Manual Entity Anonymisation

OpenRegister exposes POST /api/files/{fileId}/manual-entities for the operator-supplied "add this exact text to the anonymisation list for this file" flow. The endpoint performs chunk-aware exact-string matching against the file's previously extracted text, creates (or reuses) a catalogue entry for the value, and creates one EntityRelation row per occurrence found with detectionMethod = manual.

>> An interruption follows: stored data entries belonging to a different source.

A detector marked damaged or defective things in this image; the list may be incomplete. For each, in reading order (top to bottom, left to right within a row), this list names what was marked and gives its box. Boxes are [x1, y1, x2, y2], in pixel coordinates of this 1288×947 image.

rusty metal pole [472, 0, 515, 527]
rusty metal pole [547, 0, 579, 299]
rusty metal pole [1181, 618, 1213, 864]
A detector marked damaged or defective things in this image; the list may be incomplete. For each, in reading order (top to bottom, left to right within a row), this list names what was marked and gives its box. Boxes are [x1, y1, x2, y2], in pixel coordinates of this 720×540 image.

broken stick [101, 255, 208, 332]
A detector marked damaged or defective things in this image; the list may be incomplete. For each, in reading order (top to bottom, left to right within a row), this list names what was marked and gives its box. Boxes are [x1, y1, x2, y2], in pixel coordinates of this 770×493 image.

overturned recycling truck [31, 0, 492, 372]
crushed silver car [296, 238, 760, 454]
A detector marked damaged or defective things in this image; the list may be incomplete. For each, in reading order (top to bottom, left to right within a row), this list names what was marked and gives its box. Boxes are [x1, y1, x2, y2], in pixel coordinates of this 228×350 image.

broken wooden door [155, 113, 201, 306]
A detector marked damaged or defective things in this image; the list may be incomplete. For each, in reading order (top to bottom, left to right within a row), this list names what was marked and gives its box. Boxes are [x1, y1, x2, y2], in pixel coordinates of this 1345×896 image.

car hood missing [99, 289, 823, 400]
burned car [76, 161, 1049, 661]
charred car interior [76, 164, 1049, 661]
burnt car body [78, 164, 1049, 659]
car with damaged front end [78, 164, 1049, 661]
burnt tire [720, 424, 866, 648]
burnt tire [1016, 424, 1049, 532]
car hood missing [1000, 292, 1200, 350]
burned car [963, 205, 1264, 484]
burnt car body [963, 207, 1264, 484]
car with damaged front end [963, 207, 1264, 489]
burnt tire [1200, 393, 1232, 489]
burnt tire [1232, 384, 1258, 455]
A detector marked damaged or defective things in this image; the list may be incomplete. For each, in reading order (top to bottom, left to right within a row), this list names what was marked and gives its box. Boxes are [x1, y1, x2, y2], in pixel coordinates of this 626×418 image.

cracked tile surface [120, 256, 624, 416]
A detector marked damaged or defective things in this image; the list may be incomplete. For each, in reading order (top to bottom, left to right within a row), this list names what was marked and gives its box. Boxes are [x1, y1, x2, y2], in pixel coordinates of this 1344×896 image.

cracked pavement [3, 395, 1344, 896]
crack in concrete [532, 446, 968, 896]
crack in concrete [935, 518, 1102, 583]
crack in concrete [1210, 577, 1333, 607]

The endpoint complements presidio/openanonymiser/pattern detection by giving operators a clean way to catch values the detectors missed without polluting the model with edge cases. It feeds into the same anonymise flow as auto-detected entities — POST /api/files/{fileId}/anonymize picks up the new relations on its next run.

Endpoint contract

POST /api/files/{fileId}/manual-entities
Content-Type: application/json
Body: {
    "value":         string,             // operator-supplied text (REQUIRED, PII)
    "type":          string,             // entity type tag, e.g. "PERSON" (REQUIRED)
    "wholeWord":     boolean (default true),
    "caseSensitive": boolean (default true)
}

Note on category: the oc_openregister_entities.category column is NOT NULL and is populated server-side from type via the same EntityRecognitionHandler::getCategoryForType() mapping the detector flow uses (PERSON / EMAIL / PHONE / ADDRESS → personal_data; IBAN / SSN → sensitive_pii; ORGANIZATION → business_data; LOCATION → contextual_data; DATE → temporal_data; everything else → contextual_data). The endpoint intentionally does NOT accept a category field in v1 — operator-override on category is a follow-up if a concrete use case emerges.

Response shape (201 / 200):

{
    "entity": {
        "id":     7,
        "uuid":   "01HMX...",
        "value":  "Jan Jansen",
        "type":   "PERSON",
        "reused": false
    },
    "relations": [
        {
            "id":            200,
            "chunkId":       100,
            "positionStart": 13,
            "positionEnd":   23,
            "context":       "... Jan Jansen woont in ..."
        }
    ],
    "matchCount":     1,
    "matchesSkipped": 0
}

Status codes:

201 — one or more matches found; the catalogue entry (new or reused) plus the inserted relations are in the body.
200 — zero matches found in the file. The catalogue entry is still created/reused and is available for use on other files. Body adds a message field: "Text not found in file. Catalogue entry created (or reused) and is available for use on other files."
400 — { "error": "invalid_request", "field": "value"|"type" } for missing required body fields, or { "error": "regex_compile_failure" } for malformed Unicode in the needle or a value longer than the chunk overlap (200 chars).
401 — no authenticated session: { "error": "unauthenticated" }.
403 — acting user lacks write-access to the file: { "error": "forbidden", "reason": "write access to file required" }. Same RBAC check as PATCH /api/entity-relations/{id} — the file MUST be reachable in the user-folder and isUpdateable() MUST return true.
415 — non-JSON Content-Type: { "error": "unsupported_media_type", "reason": "..." }.
422 — { "error": "file_not_extracted" } — the file has no extracted chunks. Operator must trigger text extraction first.
500 — unexpected failure: { "error": "internal_error" }. Body never echoes the operator-supplied value (ADR-005).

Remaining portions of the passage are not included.